Craig Taborn piano
Concert recording, March 2, 2020
Engineer: Stefano Amerio
Cover photo: Thomas Wunsch
Produced by Manfred Eicher
Release date: October 8, 2021
Since releasing Avenging Angel, Craig Taborn’s first spontaneous recital for ECM, a decade ago, the pianist’s traversal on the label has brought him to collective enterprises with the likes of Roscoe Mitchell, Thomas Morgan, and Chris Potter. All the while, his language has been as much his own as it has been a force of adaptation to contexts big and small. If that earlier effort can be said to evoke disembodiment, then let Shadow Plays be its embodied other half. From the gestures that open “Bird Templars,” one gets the sense that each of Taborn’s hands is a traveler engaged in a slow-motion contest for a single path ahead. And yet, there is no feeling of animosity—instead, a sense of wonder, especially as the music quiets in the left, allowing the right to offer its soliloquy in the spirit of accompaniment. If it is possible to whisper through a piano, then Taborn has accomplished that here. “Discordia Concors” and “Concordia Discors” both offer frantic searches for meaning balanced by the jauntier rhythms of “Conspiracy Of Things” between them. These pieces find themselves pulled to the keys by a gravitational force they cannot quite escape.

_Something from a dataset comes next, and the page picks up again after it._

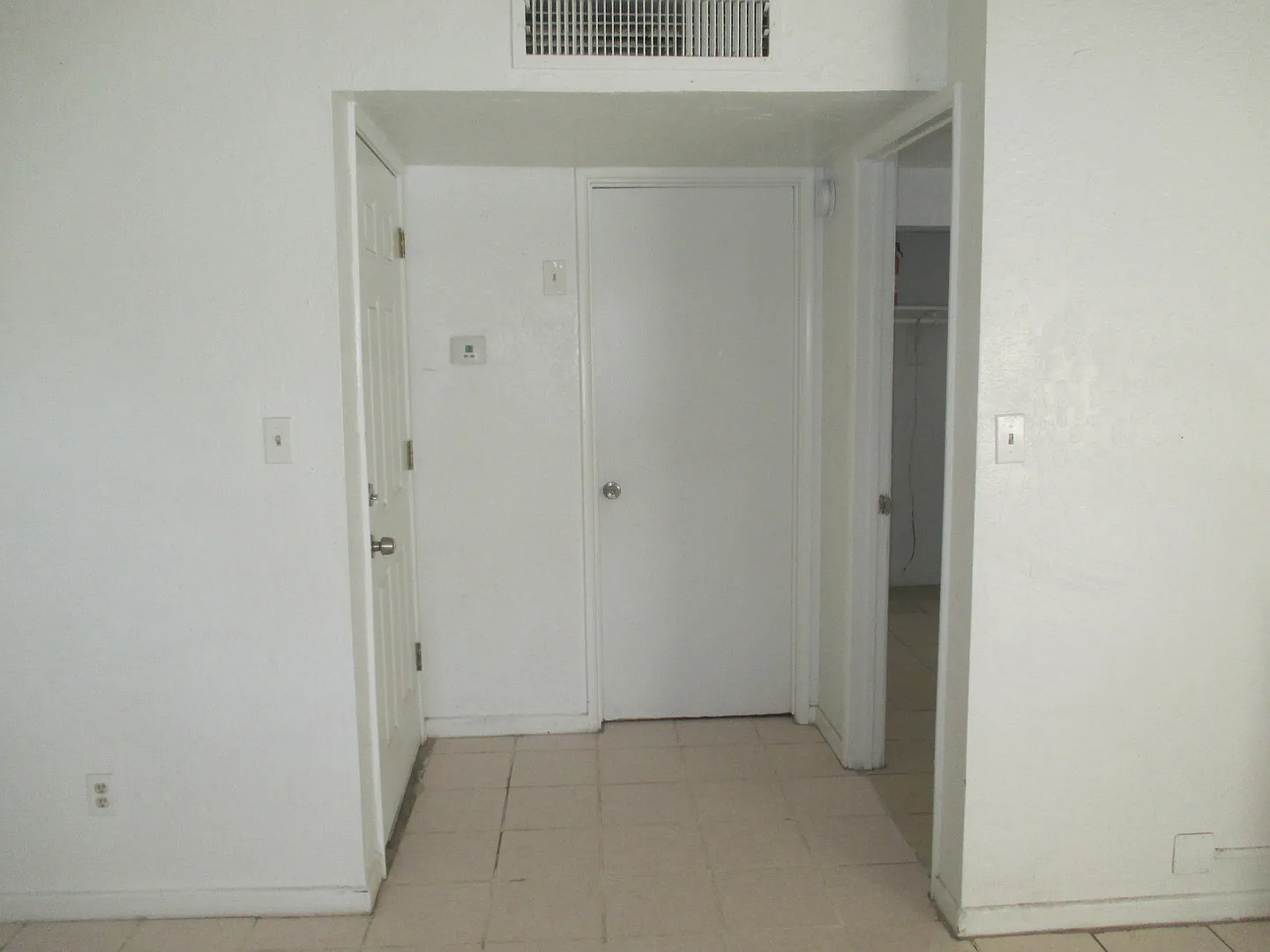 1705 — Photo 4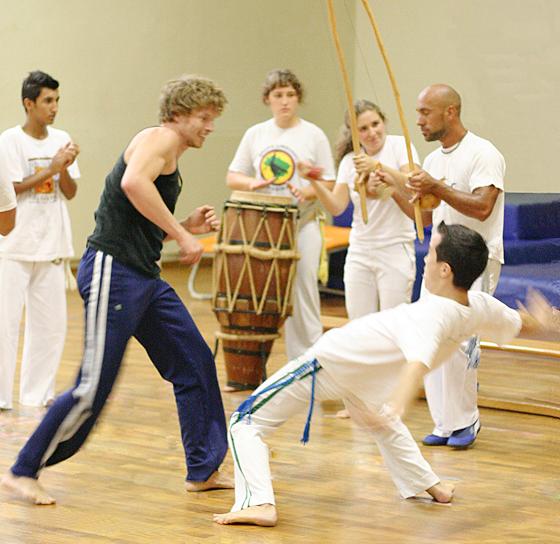Auch eine Capoeira-Vorführung wartet auf die Sommerfest-Gäste der Sportfreunde Harteck.	Foto: VA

The jazziest inflections await interpretation through “A Code With Spells” and the concluding “Now In Hope,” both of which convey honeyed textures with cinematic sensibilities, each coated by resistance against the storms that have barraged us over the past year and a half. The most epic stretches are reserved for “Shadow Play,” in which chords resuscitate the possibility of harmony. As one of the cleanest concert recordings I’ve heard, it felt like I was the only one in the room: an intimacy we need more of than ever.